╭─ EXTRACTED RECORDS

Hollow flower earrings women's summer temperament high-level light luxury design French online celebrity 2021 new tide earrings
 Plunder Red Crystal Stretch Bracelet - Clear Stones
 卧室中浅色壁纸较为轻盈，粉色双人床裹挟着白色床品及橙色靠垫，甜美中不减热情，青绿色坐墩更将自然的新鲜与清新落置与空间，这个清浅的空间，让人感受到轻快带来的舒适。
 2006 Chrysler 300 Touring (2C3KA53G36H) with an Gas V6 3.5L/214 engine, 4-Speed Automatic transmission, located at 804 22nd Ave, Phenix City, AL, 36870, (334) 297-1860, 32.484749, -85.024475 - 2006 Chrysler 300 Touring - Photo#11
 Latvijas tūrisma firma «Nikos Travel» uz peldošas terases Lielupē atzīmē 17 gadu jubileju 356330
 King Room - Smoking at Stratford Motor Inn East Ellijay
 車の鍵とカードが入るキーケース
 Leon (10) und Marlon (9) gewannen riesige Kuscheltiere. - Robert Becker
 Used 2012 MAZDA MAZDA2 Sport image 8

╰─

- [YOUR OBJECTIVE] The entire listing has to be written out again exactly.

- [SOLUTION TO THIS TASK]
Hollow flower earrings women's summer temperament high-level light luxury design French online celebrity 2021 new tide earrings
 Plunder Red Crystal Stretch Bracelet - Clear Stones
 卧室中浅色壁纸较为轻盈，粉色双人床裹挟着白色床品及橙色靠垫，甜美中不减热情，青绿色坐墩更将自然的新鲜与清新落置与空间，这个清浅的空间，让人感受到轻快带来的舒适。
 2006 Chrysler 300 Touring (2C3KA53G36H) with an Gas V6 3.5L/214 engine, 4-Speed Automatic transmission, located at 804 22nd Ave, Phenix City, AL, 36870, (334) 297-1860, 32.484749, -85.024475 - 2006 Chrysler 300 Touring - Photo#11
 Latvijas tūrisma firma «Nikos Travel» uz peldošas terases Lielupē atzīmē 17 gadu jubileju 356330
 King Room - Smoking at Stratford Motor Inn East Ellijay
 車の鍵とカードが入るキーケース
 Leon (10) und Marlon (9) gewannen riesige Kuscheltiere. - Robert Becker
 Used 2012 MAZDA MAZDA2 Sport image 8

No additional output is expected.